Persecution of Christians. Referring to the many good groups, working on the issue (Voice of the Martyrs, Open Doors, International Justice Mission, etc):
“. . . We’re the only ones that have a seat at the table in Geneva for the United Nations.”
A column he wrote this fall offers a brief history of the WEA movement and expanded upon his reasons for participation. He concluded:
“What is our calling as evangelicals? Making up a quarter of the world’s Christians, we are vitally active in ministry start-ups and new church plants, generous in creating humanitarian initiatives, bold in recruiting personnel for missions and NGOs, and creatively using modern media. But what else might be part of our future?
“Could it be that of all we do alone, we might do better together? Might it be that the time has come that we would take the prayer of Jesus seriously – that we might be one, even as he and the Father are one? I think so.”

 

We are like brothers
John Langlois and Brian Stiller have fought alongside each other for the good of the WEA.

Toward the end of the WEA General Assembly, I was able to sit down with John Langlois, who had been honoured for his service with the WEA along with Brian Stiller.
His 50-year record as a volunteer with the organization speaks for itself; starting in 1969 as administrative secretary / treasurer, he was a founding member of the Communications Commission in the early 1980s, participated in the executive committee, chaired the Religious Liberty Commission, and more.
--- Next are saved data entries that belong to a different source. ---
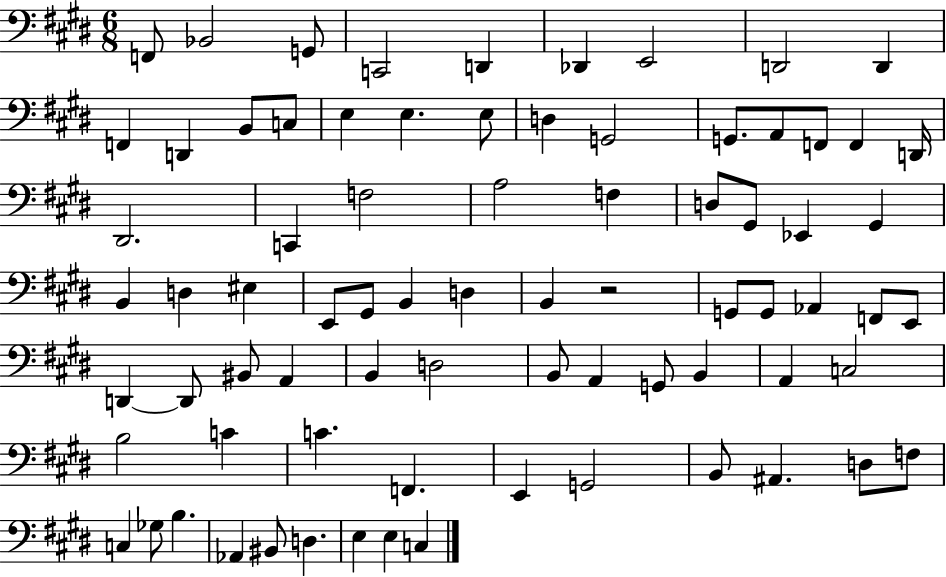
{
  \clef bass
  \numericTimeSignature
  \time 6/8
  \key e \major
  f,8 bes,2 g,8 | c,2 d,4 | des,4 e,2 | d,2 d,4 | \break f,4 d,4 b,8 c8 | e4 e4. e8 | d4 g,2 | g,8. a,8 f,8 f,4 d,16 | \break dis,2. | c,4 f2 | a2 f4 | d8 gis,8 ees,4 gis,4 | \break b,4 d4 eis4 | e,8 gis,8 b,4 d4 | b,4 r2 | g,8 g,8 aes,4 f,8 e,8 | \break d,4~~ d,8 bis,8 a,4 | b,4 d2 | b,8 a,4 g,8 b,4 | a,4 c2 | \break b2 c'4 | c'4. f,4. | e,4 g,2 | b,8 ais,4. d8 f8 | \break c4 ges8 b4. | aes,4 bis,8 d4. | e4 e4 c4 | \bar "|."
}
He has been made a life-long member of the International Council of the WEA.

Not that WEA matters have taken up all his time. He was awarded an OBE by the Queen in 2005 for his work (which still continues) in law and politics on his native island of Guernsey.

Langlois said, “Brian Stiller has intervened at the right times.” He inspired the WEA to keep going, provided organization help and, most recently, has helped with development and funding. “We are like brothers.”
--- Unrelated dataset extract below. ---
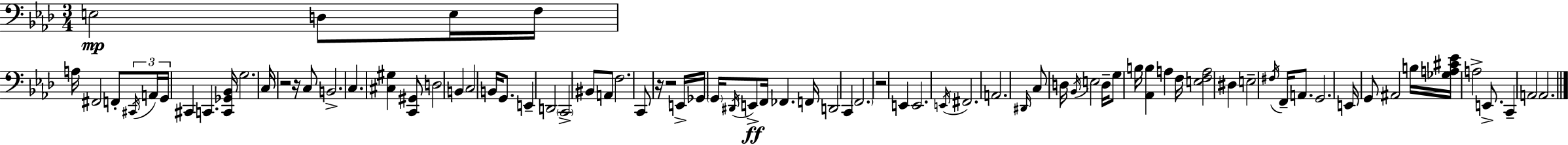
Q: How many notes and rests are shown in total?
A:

Geoff Tunnicliffe met with Pope Francis at least a couple of times, once with Stiller.

He referred also to Geoff Tunnicliffe, who took over the WEA in 2005, “when it was about to die again. . . . without the Evangelical Fellowship of Canada it would have crumbled.”
Tunnicliffe, who lives in Metro Vancouver, was originally invited to work with the EFC by Stiller.

In an interview posted just as he was about to step down from the WEA, Tunnicliffe said:
“Because of that role with the EFC, I was involved with WEA’s mission commission. When WEA went through somewhat of a crisis and I was asked to become interim secretary general, I turned it down three times.
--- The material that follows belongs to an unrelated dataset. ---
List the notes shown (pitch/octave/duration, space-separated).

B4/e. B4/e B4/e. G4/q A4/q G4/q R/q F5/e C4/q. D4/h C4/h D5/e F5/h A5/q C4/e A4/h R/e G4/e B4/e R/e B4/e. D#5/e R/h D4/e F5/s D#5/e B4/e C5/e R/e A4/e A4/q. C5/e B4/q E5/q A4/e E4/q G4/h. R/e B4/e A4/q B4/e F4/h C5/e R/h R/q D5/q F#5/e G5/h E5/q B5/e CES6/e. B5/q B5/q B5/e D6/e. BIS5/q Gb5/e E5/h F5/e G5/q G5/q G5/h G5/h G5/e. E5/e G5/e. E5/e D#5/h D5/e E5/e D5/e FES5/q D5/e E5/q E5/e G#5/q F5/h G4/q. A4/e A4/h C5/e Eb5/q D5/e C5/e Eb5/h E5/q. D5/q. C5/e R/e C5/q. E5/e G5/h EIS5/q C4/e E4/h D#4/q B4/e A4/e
“But with the strong support of the EFC – and for me, having the EFC as a strong model of what an evangelical fellowship could look like – that helped frame what we could do.”

 

Bright spots
Stiller sees a couple of particular bright spots these days:
Younger leaders. Within the WEA, staff in Geneva, Sri Lanka, Ethiopia and elsewhere: “They’re bright, they’re creative, they’re not intimidated.”
Rebuilding. “It’s been an absolute joy for me to help in this rebuilding, to help these people to do what they’re called to do . . . I try to bring dignity and honour to fundraising.”
Langlois said his experience with the WEA has been about “80 percent discouragement and 20 percent encouragement.”

“What on earth is God doing,” he has often wondered, but he has also recognized that God “is building his church. It’s the connections [from all over the world] and handing it over to the next generation.”

He added, “The progress being made is significant . . . this is the best General Assembly ever, with the best spirit – I have much more hope.”

Brian Stiller clearly plans to carry on with his WEA involvement, and Canada will retain a strong role as well; EFC executive vice president and resident theologian, David Guretzki, was appointed as the North American representative to the International Council of the WEA at the General Assembly.